Menu
Suivez-nous
Facebook
Twitter
Le Vigneron du Val de Loire
L'information viticole pour les professionnels

Les secondes morsures du gel


Rédigé le Vendredi 28 Avril 2017

Il n'aura épargné personne. En deux vagues, le gel a touché tout le vignoble du Val de Loire. A des degrés divers : de 10 % par endroit, qui peut-être ne paraîtront pas sur le volume final, à des 100 %. Bilan par vignoble.

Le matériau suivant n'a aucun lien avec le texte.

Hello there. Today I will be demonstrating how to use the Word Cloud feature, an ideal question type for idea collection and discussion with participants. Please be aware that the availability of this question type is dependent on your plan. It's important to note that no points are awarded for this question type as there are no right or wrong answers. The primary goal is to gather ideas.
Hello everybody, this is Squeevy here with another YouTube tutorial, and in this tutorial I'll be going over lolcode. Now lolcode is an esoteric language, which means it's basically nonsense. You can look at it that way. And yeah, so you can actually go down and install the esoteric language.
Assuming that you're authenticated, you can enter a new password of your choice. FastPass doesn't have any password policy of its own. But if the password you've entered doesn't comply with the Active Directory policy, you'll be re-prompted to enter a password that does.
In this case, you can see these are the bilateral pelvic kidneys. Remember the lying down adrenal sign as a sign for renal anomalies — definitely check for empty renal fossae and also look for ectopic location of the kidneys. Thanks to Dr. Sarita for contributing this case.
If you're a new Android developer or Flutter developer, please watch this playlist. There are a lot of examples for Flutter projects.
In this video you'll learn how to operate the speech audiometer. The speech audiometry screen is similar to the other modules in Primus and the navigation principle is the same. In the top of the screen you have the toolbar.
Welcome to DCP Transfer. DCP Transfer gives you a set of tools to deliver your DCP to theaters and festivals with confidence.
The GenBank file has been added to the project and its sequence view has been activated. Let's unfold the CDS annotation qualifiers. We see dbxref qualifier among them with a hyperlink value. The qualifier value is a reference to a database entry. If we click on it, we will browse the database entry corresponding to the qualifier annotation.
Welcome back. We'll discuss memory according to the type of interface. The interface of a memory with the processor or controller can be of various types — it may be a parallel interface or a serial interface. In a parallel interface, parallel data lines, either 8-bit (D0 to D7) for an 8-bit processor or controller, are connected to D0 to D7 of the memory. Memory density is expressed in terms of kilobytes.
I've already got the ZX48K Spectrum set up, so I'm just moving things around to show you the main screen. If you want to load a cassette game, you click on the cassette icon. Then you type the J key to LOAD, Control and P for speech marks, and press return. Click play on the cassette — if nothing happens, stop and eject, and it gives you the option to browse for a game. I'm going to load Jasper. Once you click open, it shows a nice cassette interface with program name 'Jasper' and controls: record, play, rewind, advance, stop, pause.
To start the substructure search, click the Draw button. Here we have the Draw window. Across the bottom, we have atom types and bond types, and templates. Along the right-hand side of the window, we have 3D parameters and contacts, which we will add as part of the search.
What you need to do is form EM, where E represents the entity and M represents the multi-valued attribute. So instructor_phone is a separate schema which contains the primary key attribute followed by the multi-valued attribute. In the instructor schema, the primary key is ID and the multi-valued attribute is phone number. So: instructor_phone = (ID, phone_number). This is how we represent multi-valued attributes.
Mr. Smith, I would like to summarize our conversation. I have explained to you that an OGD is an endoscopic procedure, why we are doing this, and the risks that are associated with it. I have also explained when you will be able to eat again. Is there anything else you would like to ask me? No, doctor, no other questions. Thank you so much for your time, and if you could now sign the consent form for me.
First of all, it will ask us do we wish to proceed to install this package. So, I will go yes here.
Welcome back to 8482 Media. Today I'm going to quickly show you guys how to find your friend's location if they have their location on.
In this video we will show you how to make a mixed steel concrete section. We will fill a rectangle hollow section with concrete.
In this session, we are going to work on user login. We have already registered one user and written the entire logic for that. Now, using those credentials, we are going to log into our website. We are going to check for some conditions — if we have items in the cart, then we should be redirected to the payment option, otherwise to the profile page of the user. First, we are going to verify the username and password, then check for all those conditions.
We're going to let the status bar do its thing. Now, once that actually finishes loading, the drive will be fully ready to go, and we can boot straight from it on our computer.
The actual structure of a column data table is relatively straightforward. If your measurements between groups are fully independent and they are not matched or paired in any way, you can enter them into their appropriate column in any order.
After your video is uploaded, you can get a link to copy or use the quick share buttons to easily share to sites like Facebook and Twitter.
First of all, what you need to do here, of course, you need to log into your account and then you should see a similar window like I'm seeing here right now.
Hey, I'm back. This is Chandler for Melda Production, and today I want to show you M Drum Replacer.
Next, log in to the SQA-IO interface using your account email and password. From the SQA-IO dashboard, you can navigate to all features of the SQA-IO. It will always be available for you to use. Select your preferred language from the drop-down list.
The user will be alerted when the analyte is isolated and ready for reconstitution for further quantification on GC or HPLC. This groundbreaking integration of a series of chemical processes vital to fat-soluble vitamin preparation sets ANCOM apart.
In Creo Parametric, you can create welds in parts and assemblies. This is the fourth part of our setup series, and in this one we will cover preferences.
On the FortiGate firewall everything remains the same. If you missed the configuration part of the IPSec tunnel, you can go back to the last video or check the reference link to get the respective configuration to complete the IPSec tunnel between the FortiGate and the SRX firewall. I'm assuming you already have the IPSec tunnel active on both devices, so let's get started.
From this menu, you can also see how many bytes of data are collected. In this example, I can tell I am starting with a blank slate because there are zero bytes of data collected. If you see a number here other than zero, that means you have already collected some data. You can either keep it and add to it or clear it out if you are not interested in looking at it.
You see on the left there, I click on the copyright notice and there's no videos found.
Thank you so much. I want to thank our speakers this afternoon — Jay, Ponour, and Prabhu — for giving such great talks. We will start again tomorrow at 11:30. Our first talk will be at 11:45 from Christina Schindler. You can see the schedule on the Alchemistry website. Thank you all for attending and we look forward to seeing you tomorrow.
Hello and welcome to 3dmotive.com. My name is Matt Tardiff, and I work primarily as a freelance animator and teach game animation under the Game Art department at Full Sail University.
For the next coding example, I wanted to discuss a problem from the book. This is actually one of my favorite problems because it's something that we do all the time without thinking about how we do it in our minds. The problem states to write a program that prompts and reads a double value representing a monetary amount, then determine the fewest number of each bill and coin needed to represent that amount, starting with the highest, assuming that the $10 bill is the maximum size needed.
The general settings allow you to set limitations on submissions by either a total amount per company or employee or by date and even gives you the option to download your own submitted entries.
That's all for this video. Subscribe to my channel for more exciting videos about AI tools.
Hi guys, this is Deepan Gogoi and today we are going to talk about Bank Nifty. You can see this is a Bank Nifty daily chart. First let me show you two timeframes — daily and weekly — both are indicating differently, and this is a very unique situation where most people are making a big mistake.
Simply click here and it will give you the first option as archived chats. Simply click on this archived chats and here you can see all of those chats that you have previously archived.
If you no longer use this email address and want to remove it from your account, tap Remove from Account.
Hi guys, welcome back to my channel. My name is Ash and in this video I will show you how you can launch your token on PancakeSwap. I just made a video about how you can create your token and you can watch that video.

Pays Nantais : Deux épisodes de gel successifs ont frappé le vignoble nantais mercredi 26 et jeudi 27. S'il est encore trop tôt pour faire une estimation précise des dégâts, un tour dans les vignes suffit à comprendre qu'ils seront tout aussi importants, voire plus que l'an passé. « Le vignoble a été plus sévèrement touché qu'en 2016 », indique la Fédération des Vins de Nantes qui a lancé une enquête auprès des vignerons pour évaluer l'impact de la vague de froid. Le Sèvre et Maine a été particulièrement touché. « Assez durement » ,estime même Vincent Lieubeau de Chateau-Thébaud. « C'est assez significatif, nettement supérieur en tout cas à l'année dernière. » A Monnières, le Domaine de la Cordouère a fait le bilan : « 75 % des parcelles sont touchées, même celles situées en haut des buttes. »
En Muscadet Côtes de Grandlieu, Nicolas Choblet, vigneron à Bouaye estime ses pertes à « 30 %. Ce ne sont pas les mêmes parcelles que l'an dernier qui ont gelé. C'est sans doute lié au mode de culture. L'année dernière nous avions commencé le travail du sol plus tôt. Dans l'ensemble le secteur de Grandlieu a moins gelé qu'en Sèvre-et-Maine, même si du côté de Pont-Saint-Martin, on est autour de 80 %. Au sud du lac de Grandlieu, ça n'a pas gelé mercredi matin par exemple mais jeudi il faisait plus froid. »
En Muscadet Coteaux de la Loire, les dégâts sont « très variables » selon Carmen Suteau, présidente de la section. « A Anetz, 90 % des parcelles sont touchées, à Liré, c'est 30 % » annonce la présidente du bureau du conseil territorial de l'antenne Chambre d'agriculture de Clisson. « Selon les éléments récupérés par les techniciens de la Chambre, 70 % des surfaces du vignoble seraient impactées. Mais il est encore trop tôt pour faire un état des lieux précis. » La Chambre d'agriculture a d'ores et déjà alerté la Direction Départementale des Territoires pour mettre en place des mesures d'urgence en faveur de la viticulture.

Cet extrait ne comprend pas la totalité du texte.